*** Opening ENTRIES PROVIDED ***

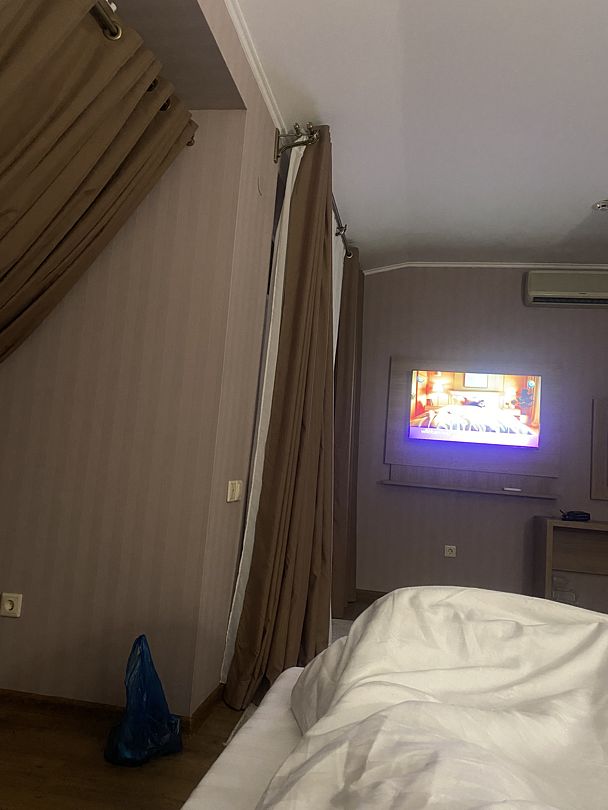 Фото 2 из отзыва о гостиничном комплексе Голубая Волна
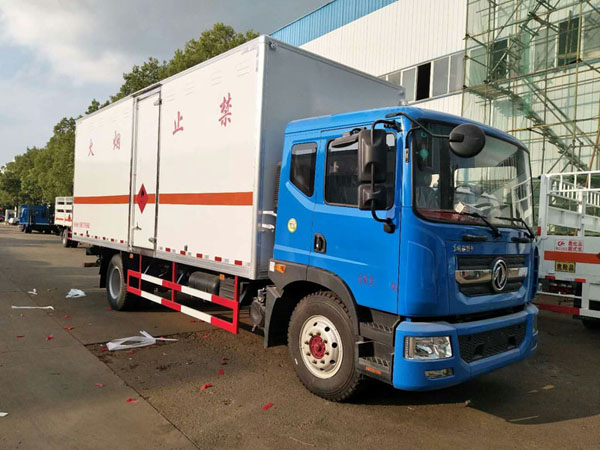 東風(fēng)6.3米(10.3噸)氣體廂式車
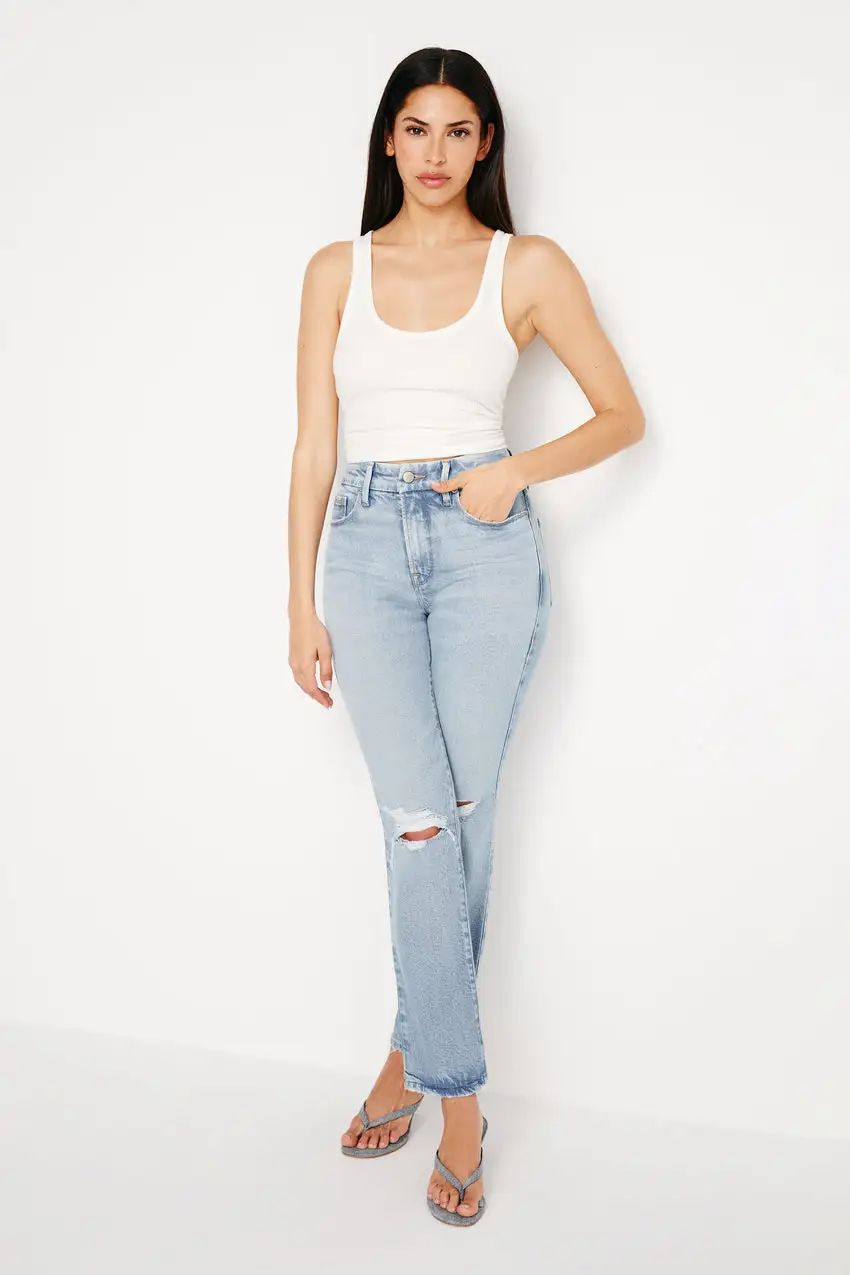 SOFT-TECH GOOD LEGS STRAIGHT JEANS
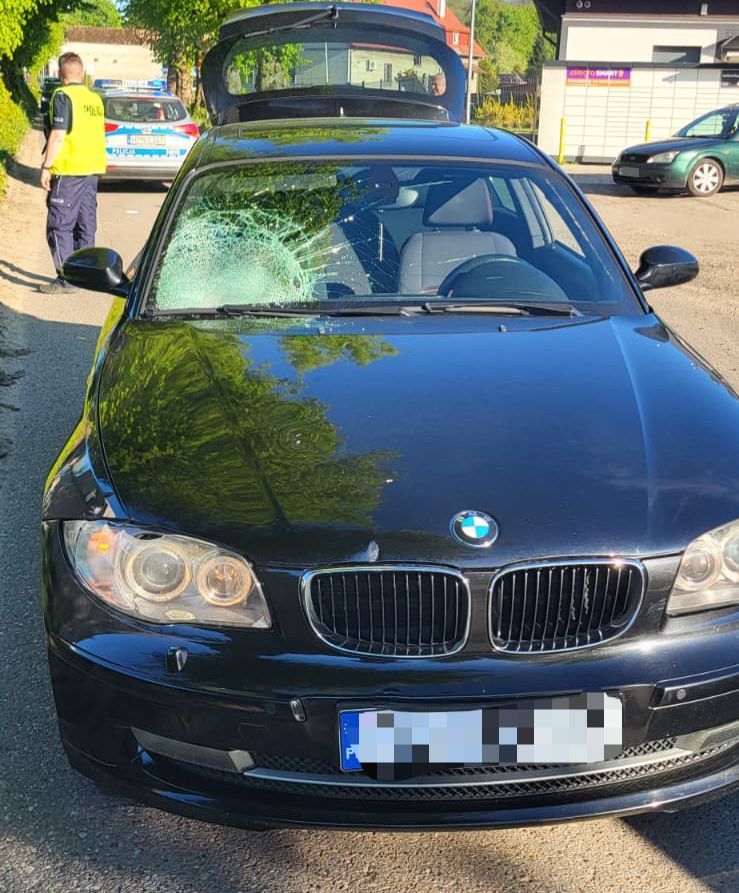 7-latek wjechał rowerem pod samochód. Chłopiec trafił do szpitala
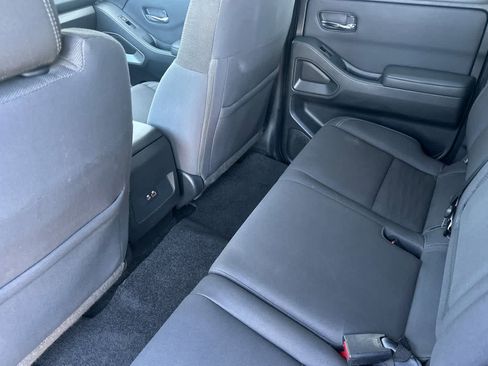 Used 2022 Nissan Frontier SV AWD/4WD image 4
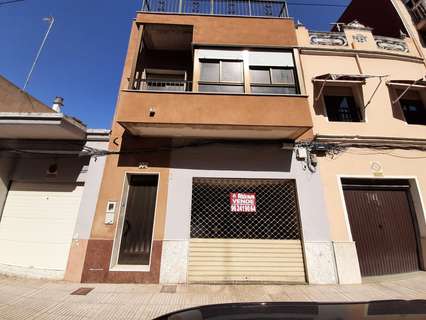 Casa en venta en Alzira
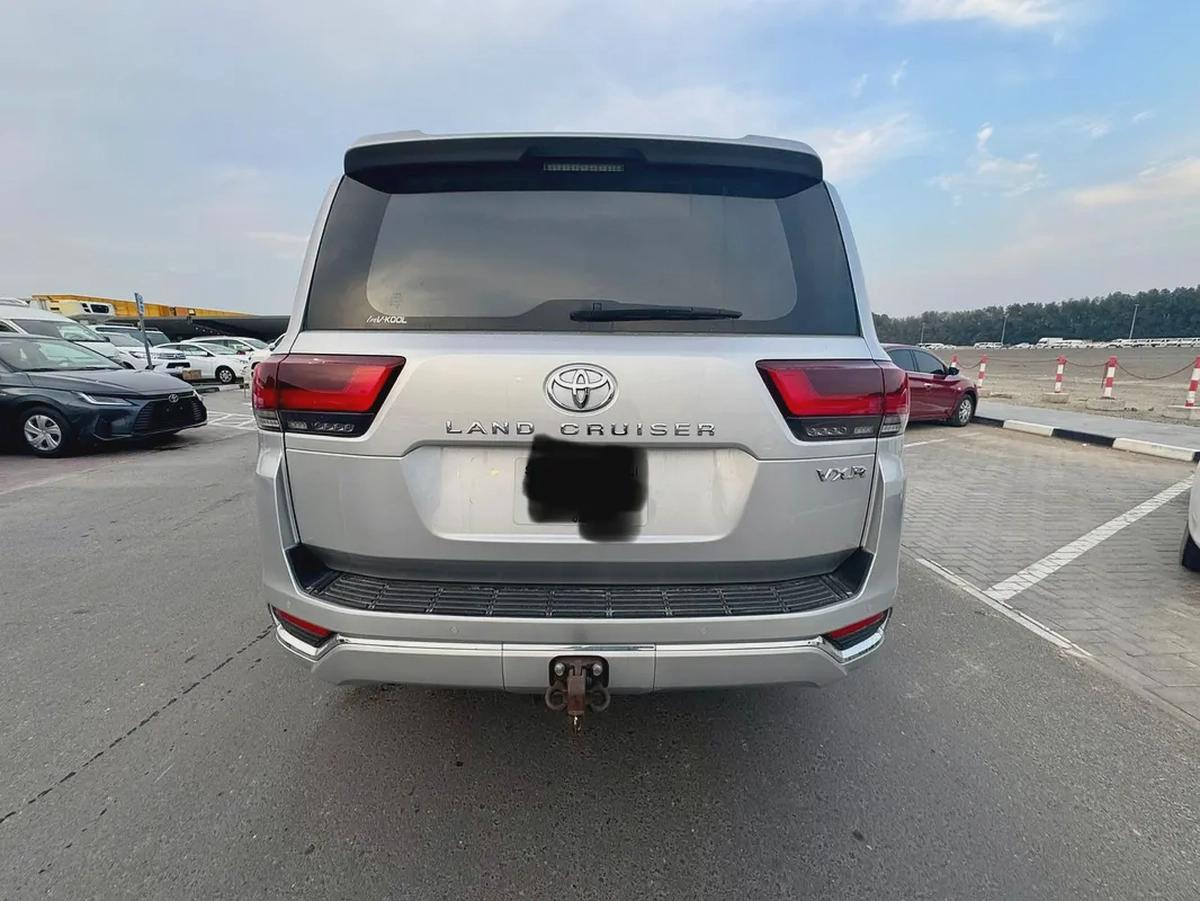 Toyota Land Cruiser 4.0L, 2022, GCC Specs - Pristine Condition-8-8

*** Closing ENTRIES PROVIDED ***

**EXERCISE BRIEF**
Only the lines from the one containing "東風(fēng)6.3米(10.3噸)氣體廂式車" through the last line of the entries, both included, should be repeated exactly, and the pictures should be left out.

**RESPONSE TO THIS EXERCISE**
 東風(fēng)6.3米(10.3噸)氣體廂式車
 SOFT-TECH GOOD LEGS STRAIGHT JEANS
 7-latek wjechał rowerem pod samochód. Chłopiec trafił do szpitala
 Used 2022 Nissan Frontier SV AWD/4WD image 4
 Casa en venta en Alzira
 Toyota Land Cruiser 4.0L, 2022, GCC Specs - Pristine Condition-8-8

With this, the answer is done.